Autore: Stefano Luigi Cantoni
I tristi eventi verificatisi di recente al carcere minorile “Cesare Beccaria” di Milano mi obbligano a una riflessione su uno dei temi più spigolosi e dibattuti: il valore della pena.
Per cominciare, partiamo dal 1764, anno in cui venne pubblicato il libro Dei delitti e delle pene di Cesare Beccaria, nonno materno di Alessandro Manzoni. Nel trattato sopracitato, infatti, ritroviamo un concetto basilare con il quale dobbiamo confrontarci in questo nostro spazio letterario.
In pieno accordo con le teorie illuministe del tempo, la pena, secondo Beccaria, doveva essere non solo commisurata al reato ma occorreva che rispettasse un crisma imprescindibile per ogni società civile, ossia ricoprire un valore educativo o, meglio ancora, rieducativo.

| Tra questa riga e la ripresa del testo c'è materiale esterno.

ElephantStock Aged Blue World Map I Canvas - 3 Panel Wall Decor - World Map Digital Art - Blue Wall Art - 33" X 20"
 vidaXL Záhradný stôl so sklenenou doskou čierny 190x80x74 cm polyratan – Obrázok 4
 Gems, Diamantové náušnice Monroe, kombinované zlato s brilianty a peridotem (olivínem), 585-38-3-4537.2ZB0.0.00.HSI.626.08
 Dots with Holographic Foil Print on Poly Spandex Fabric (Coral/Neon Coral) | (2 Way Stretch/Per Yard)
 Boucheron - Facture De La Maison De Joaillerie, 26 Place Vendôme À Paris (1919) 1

Un po’ come già anticipato da Tommaso Moro in Utopia, che senso ha punire una persona se poi questa non capisce lo sbaglio commesso? Nella migliore delle ipotesi lo ripeterà una seconda volta, nella peggiore quel comportamento scorretto diverrà il paradigma costante della sua esistenza.

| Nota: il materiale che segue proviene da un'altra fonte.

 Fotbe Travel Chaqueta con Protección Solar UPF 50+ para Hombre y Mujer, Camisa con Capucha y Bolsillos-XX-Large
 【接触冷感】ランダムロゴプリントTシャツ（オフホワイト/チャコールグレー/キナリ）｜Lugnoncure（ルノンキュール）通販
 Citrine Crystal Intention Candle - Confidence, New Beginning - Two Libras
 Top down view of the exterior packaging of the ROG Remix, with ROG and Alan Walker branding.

Rieducare significa, tra le altre cose, ricondurre a una linea consona e adatta a un comune “sentire”, prima ancora che a un fisico “vivere”: se non percepiamo gli altri come individui in grado di migliorarci, sarà mai possibile correggere il tiro su ciò che non funziona in noi e, di rimando, nelle nostre azioni?

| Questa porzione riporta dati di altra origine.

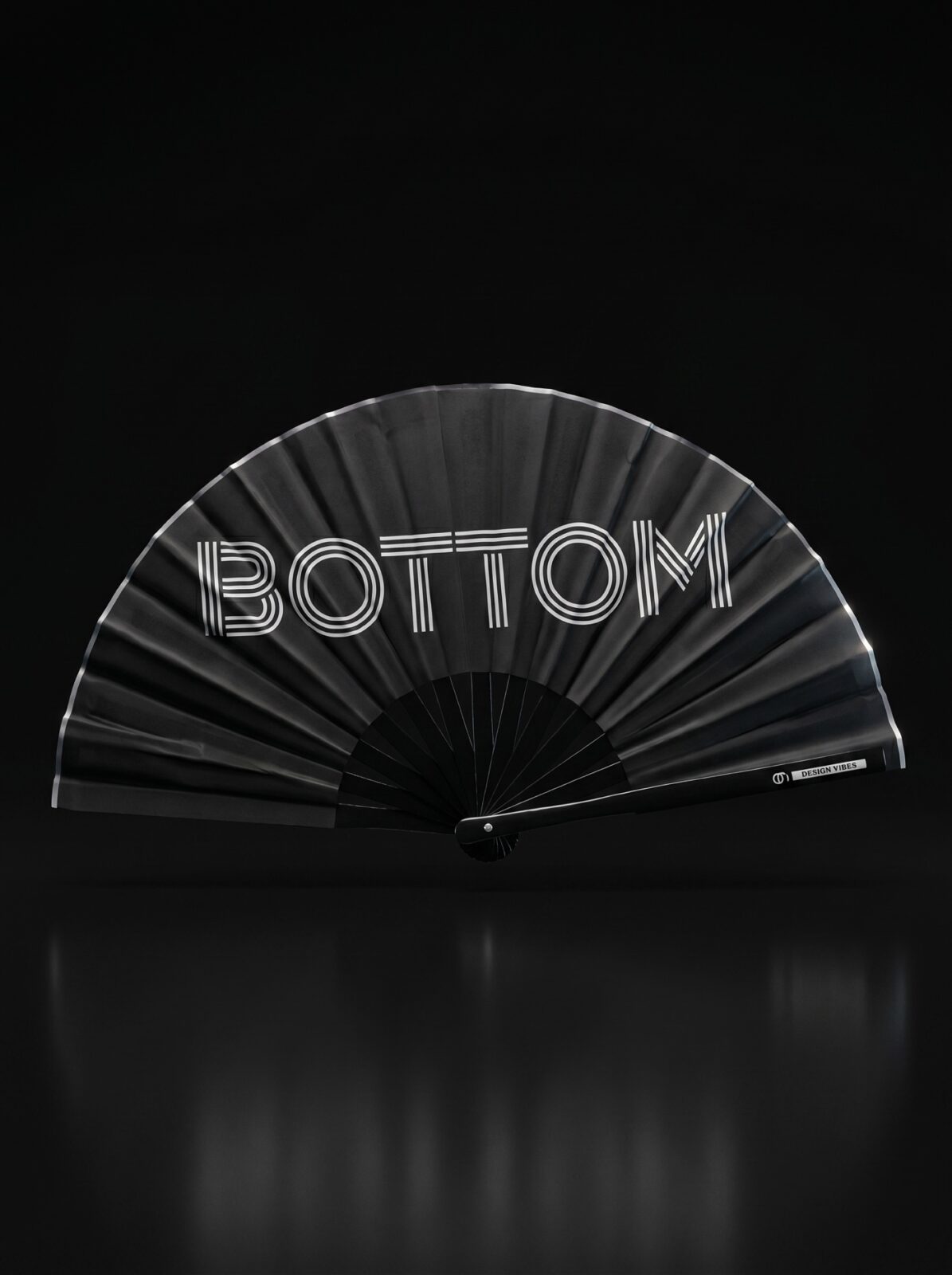 Éventail Festival « BOTTOM » en noir – Accessoire Pride & Rave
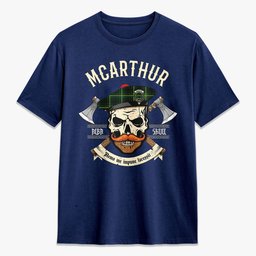 ScotsTee Shop Scottish McArthur Modern Crest Tartan T-shirt Alba Skull Style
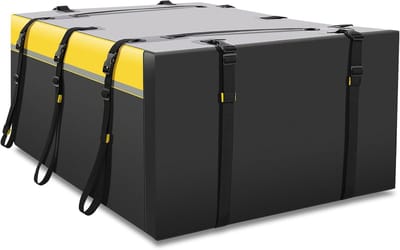 Famanu - Auto dakkoffer, 50 kubieke meter, opvouwbaar, waterdicht, dakkoffer, draagbare dakkoffers, dakbagagedrager, tas met dak, versterkte riemen en voor auto's, bestelwagens, SUV's, reizen en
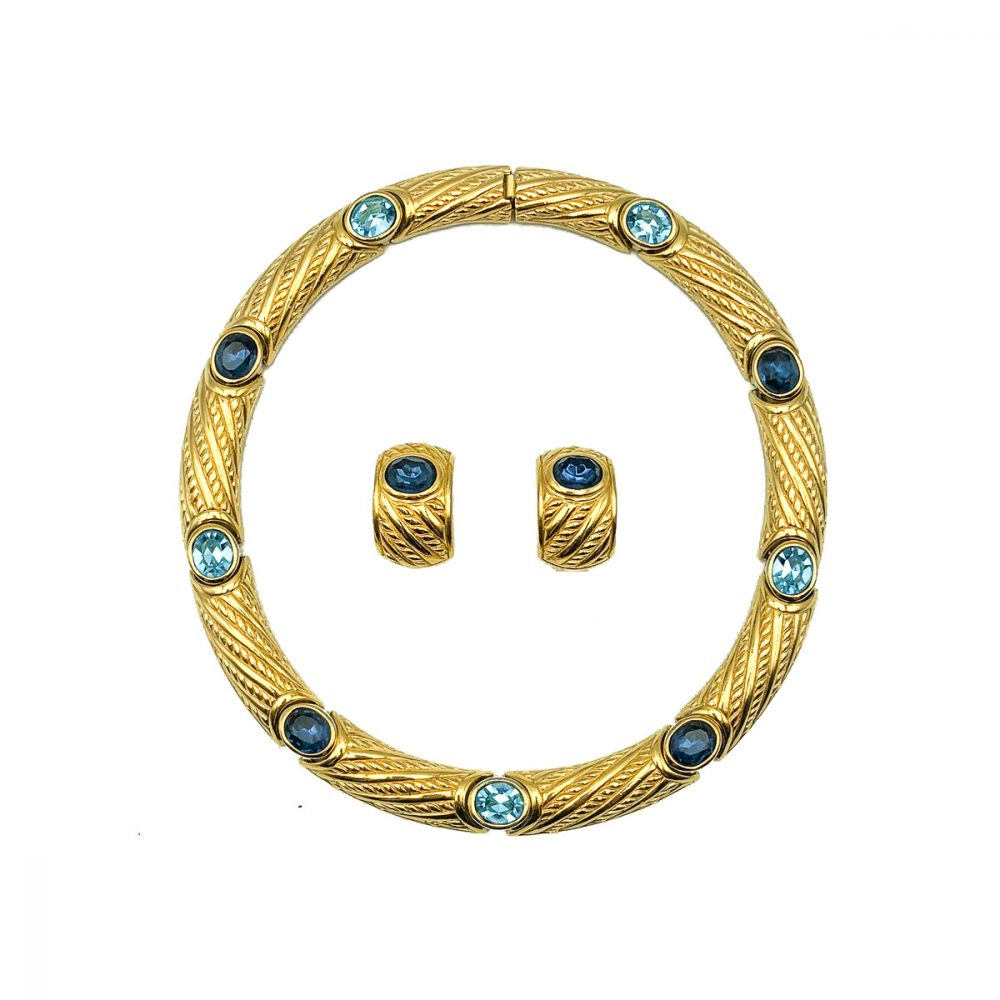 Vintage Dior Blue Crystal Collar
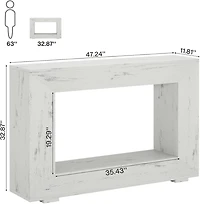 Tribesigns Farmhouse Console Table, 47 Inches Entryway Console Table with Storage, Industrial Hallway Accent Table for Living Room, Entrance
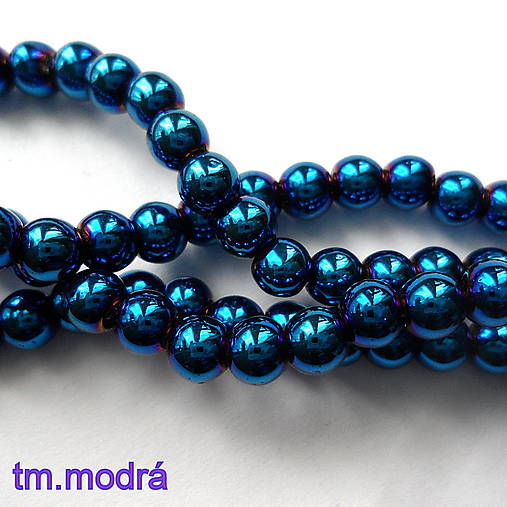 CrystaLine Beads™-4mm-1ks (tm.modrá)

Tornando ai fatti di cronaca recente, è triste vedere che il nome del grande studioso e illuminista sia infangato da una visione ormai del tutto distorta (per non dire ribaltata) della giustizia. Un microcosmo buio e umido dove i carcerati (ancor più grave se minorenni) diventano il bersaglio inerme di frustrazioni e perversioni nascoste sotto l’ombra di una divisa da guardia carceraria.
Violenza per violenza: questo vige oggi al Beccaria (e non solo lì ma in parecchie carceri ormai al collasso). Il paradosso del nostro tempo sta qui, nel ribaltare l’unica utilità della pena (a mio avviso), ovvero il reinserimento nella società di un individuo cosciente e, per quanto possibile, migliore rispetto a prima.
Eppure, tali soprusi non stupiscono il sottoscritto: il “vento nero” che soffia forte nel nostro Paese punta sempre più allo scontro tra classi, tra ruoli, tra maschere, cercando di riscrivere addirittura la Storia. Figuriamoci che gravità rappresenti pestare senza ritegno minorenni, spesso magari in tre contro uno, per poi vantarsi di quanto fatto (sante intercettazioni!). Molto educativo, non trovate?
Il “gioco” sta diventando troppo frequente e con esiti spesso drammatici e vergognosamente messi a tacere. Non si tratta solo di politica, ma innanzitutto di umanità: l’abuso di potere e di forza fisica, tipico di chi è vittima di vuoti cosmici e pochezza di pensiero, sta passando come “normalità” nel sonnecchiante sentire comune. (“Ma sì, tanto le guardie hanno sempre menato, che novità…”)
Le persone adibite a rieducare devono essere formate e, se serve, punite, per essere loro in primis un esempio da seguire o, quantomeno, individui da non temere: l’obiettivo è creare un modello di giustizia basato non più sulla forza e sulla prevaricazione ma, piuttosto, sul rispetto e sul confronto, imprescindibili elementi per una crescita coscienziosa e duratura sia dell’individuo che della comunità.